* _PROMPT_
Whenever a picture appears in the listing below, leave it out, and copy exactly the lines from the one containing "Eine fokussierte Sportlerin" through the end.
--- THE DATA Enclosed Below ---
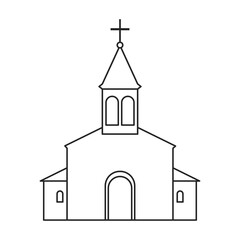 Church vector outline icon. Vector illustration building on white background. Isolated outline illustration icon of church.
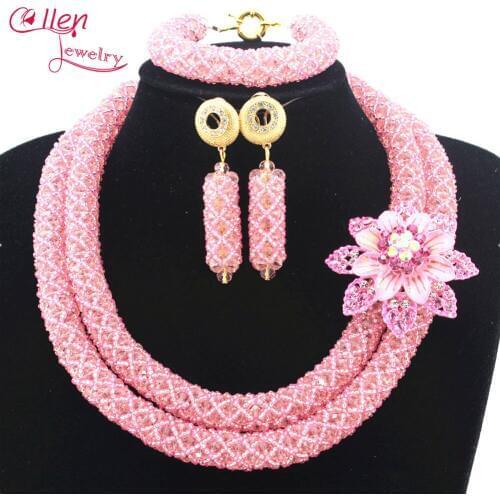 2019 Latest Fashion Pink African Wedding Beads jewelry set Necklace Set Nigerian Crystal Flower Brooches Jewelry Set W12812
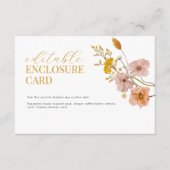 ワイルドフラワーエンクロージャカード、ガーデンパーティーテーマ エンクロージャーカード (正面)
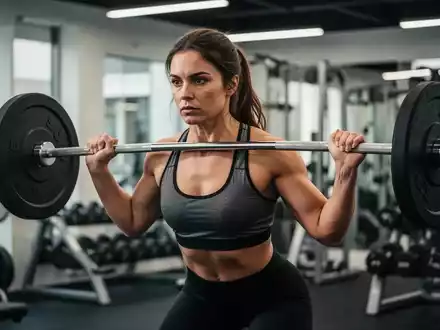 Eine fokussierte Sportlerin beim Krafttraining in einem modernen Fitnessstudio, umgeben von Hanteln. - Foto: über boerse-global.de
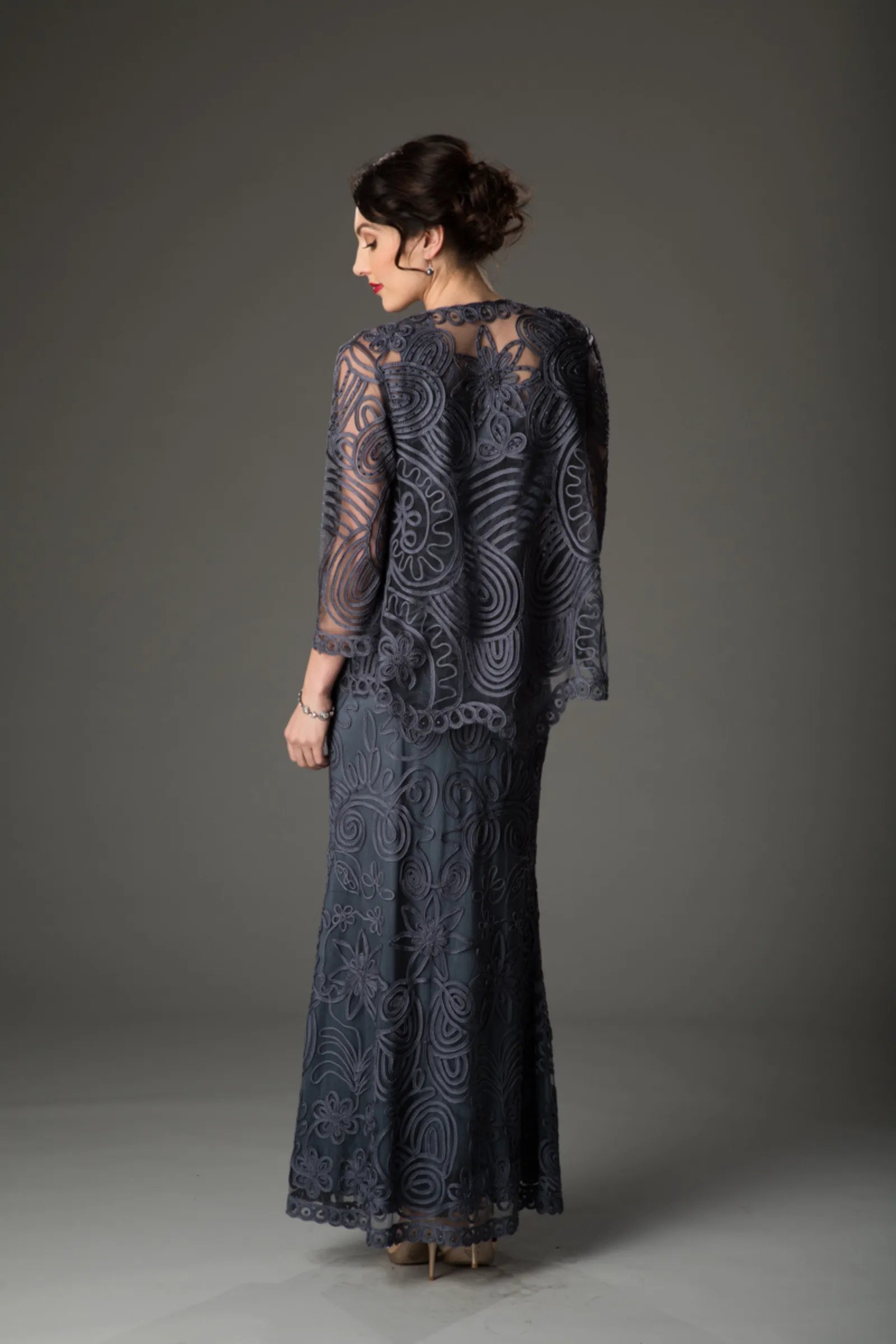 Soulmates 1506 Classic Soutache Lace Jacket Top and Skirt Set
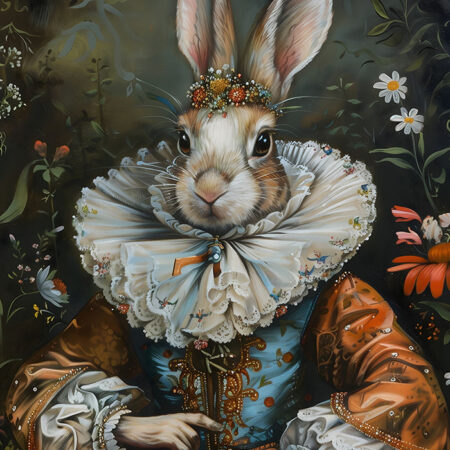 Πινακας σε καμβά WILLIAM MORRIS - VICTORIAN RABBIT PORTRAIT  3 - William Morris Sticky 5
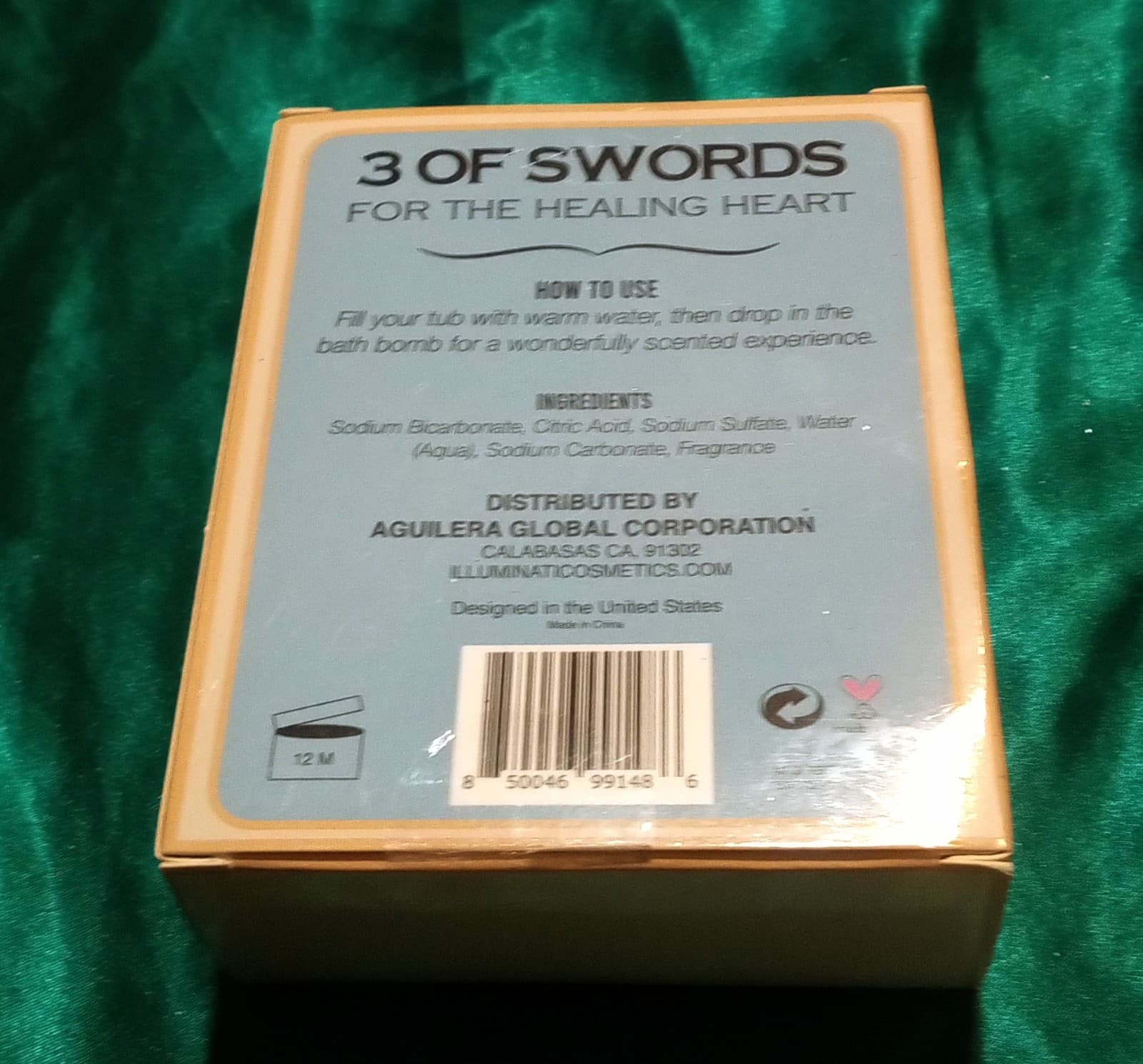 ILLUMINATI "3 of Swords" Tarot Card Single Rose Scented Bath Bomb - Thumbnail 2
--- End of Enclosed THE DATA ---
* _WRITTEN SOLUTION_
 Eine fokussierte Sportlerin beim Krafttraining in einem modernen Fitnessstudio, umgeben von Hanteln. - Foto: über boerse-global.de
 Soulmates 1506 Classic Soutache Lace Jacket Top and Skirt Set
 Πινακας σε καμβά WILLIAM MORRIS - VICTORIAN RABBIT PORTRAIT  3 - William Morris Sticky 5
 ILLUMINATI "3 of Swords" Tarot Card Single Rose Scented Bath Bomb - Thumbnail 2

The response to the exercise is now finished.